汉代龙纹是皇权、祥瑞与力量的象征,四龙对应“四方”,寓意四方安宁、天下太平,既体现汉代大一统王朝的雄浑气象,也承载着古人对吉祥安康、国泰民安的美好祈愿。
3. 方框钮座:“天圆地方”的视觉表达
方框钮座是铜镜的重要设计亮点,与圆形镜体形成“方”与“圆”的鲜明对比,暗合汉代“天圆地方”的宇宙观。方框四条边双线条挺拔、边角规整,既为伏兽钮提供稳定基座,又清晰界定外方框铭文的展示区域,使铭文、钮型与外圈纹饰形成层次分明的视觉结构--内有伏兽钮与方盒铭文,中为四乳四龙,外绕16连弧,从内到外层层递进,体现了汉代工匠高超的构图智慧与对称美学追求。
三、铭文与书法:方框内的篆韵流光
方框钮座之外的大四方框中,环绕“见日之光,长乐未央”八字篆书铭文,既是铜镜的精神内核,更是汉代书法艺术的珍贵实物载体,其笔墨神韵尽显篆书的典雅风骨。
1. 书法特征:汉代篆书的器物化典范
见日之光,长乐未央八字篆书铭文
笔画特征:采用汉代标准篆书,笔画圆润遒劲、粗细均匀,无尖锐棱角,兼具“玉箸篆”的温润与“缪篆”的规整。起笔、收笔皆藏锋圆转,行笔流畅自然,转折处圆融有度,如“见”“日”“长”等字的曲线笔画,婉转灵动却不失力度,尽显篆书“引笔趋长、圆转如意”的特质。
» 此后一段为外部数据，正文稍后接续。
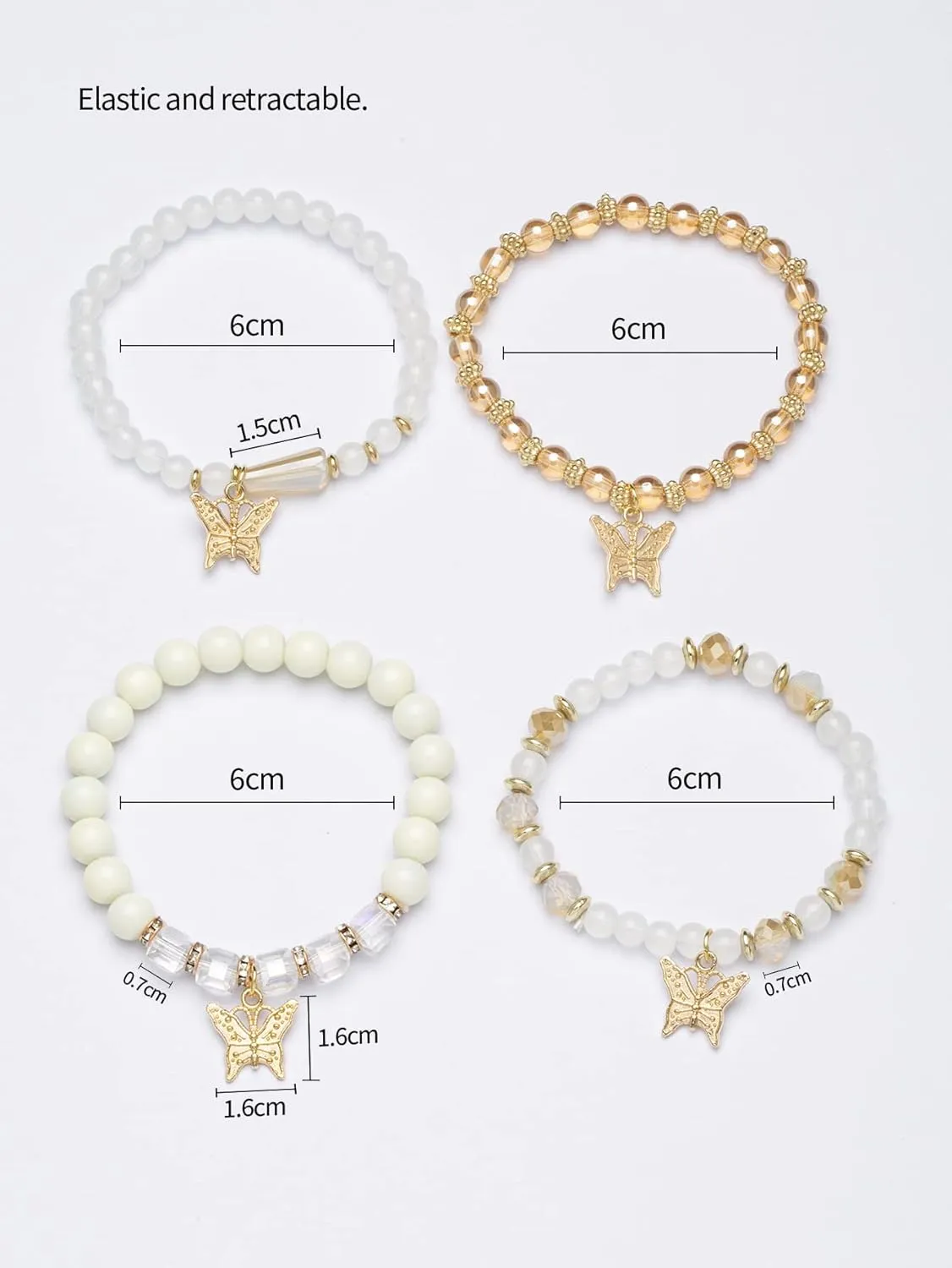 Bohemian Bracelets for Women Gold Beaded Stackable Stretch Bracelet Set Butterfly Elastic Multilayer Colorful Charm Bracelets Summer Beach Jewelry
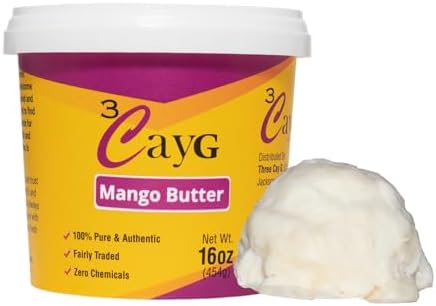 3CayG Mango Butter All Natural 1LB Body Butter Lotion- Great for Soap Making-Naturally Refined 3CayG Direct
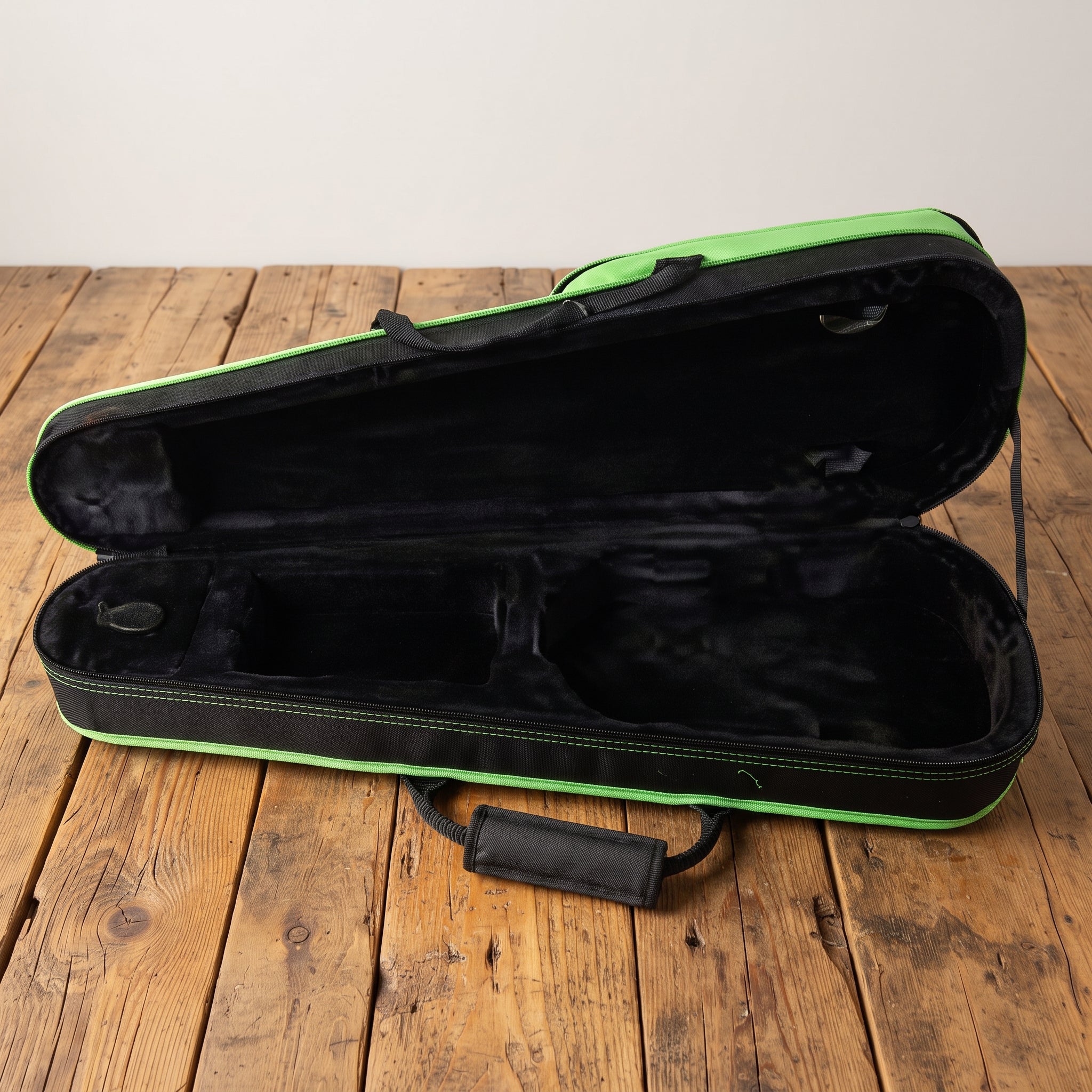 Étui violon 4/4 forme trapèze vert et noir SEB-F44-VBK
结体风格:字形方正匀称、疏密得当,既遵循篆书“对称均衡”的基本原则,又根据铭文环形排列的需求灵活调整,如“光”“央”等字的结构略作舒展,与方框边长完美契合,避免了呆板拘谨。整体结体端庄典雅,兼具稳定性与韵律感,体现了汉代篆书“谨严而不死板、灵动而不随意”的艺术追求。
布局美学:八字铭文按顺时针环形排列,间距均等、高低一致,与方框形成“字随框走、形意相融”的布局。铭文与方框边界留有适度留白,既避免了视觉拥挤,又强化了“内方外圆”的空间意境,与外圈纹饰形成“文内书韵、文外画意”的和谐统一,展现了汉代工匠“图文共生”的构图智慧。
2. 铭文寓意:祈福与文化的双重寄托
“见日之光”四字,既直白描述镜面光洁如日光、能映照万物的实用功能,又蕴含深刻象征意义--喻示为人处世光明磊落、坦荡正直,暗含对明君治国、天下清明的赞颂,将铜镜的物理属性与精神寓意完美结合。“长乐未央”是汉代最具代表性的吉祥语,“长乐”意为长久欢乐,“未央”即无尽、无穷,表达了汉代人对永恒幸福、美好生活的执着追求,是汉代“乐感文化”的集中体现。其精神内核至今仍具共鸣。
八字铭文以篆书书写于方框之内,既彰显了文字的神圣性与庄重性,又使书法艺术与祈福寓意深度融合,让铜镜不仅是照容工具、艺术珍品,更是承载汉代人精神追求的文化载体。
四、历史文化背景:铜镜中的汉代图景
这面铜镜的形制、纹饰、铭文与书法组合,深刻反映了西汉中晚期(汉武帝至宣帝时期)的社会文化风貌。汉武帝之后,汉王朝国力强盛,中央集权加强,社会稳定,经济繁荣,为手工业与文化艺术的发展提供了坚实基础。
铜镜作为贵族阶层追捧的器物,其制作工艺不断精进,纹饰与铭文逐渐从单纯的实用装饰转向精神寄托,融入了更多的祈福观念、宇宙意识与等级象征。20公分的大尺寸、工艺复杂的伏兽钮、精美的龙纹组合及精湛的篆书铭文,决定了这面铜镜多为宫廷贵族或高级官员所用,是身份与地位的重要象征。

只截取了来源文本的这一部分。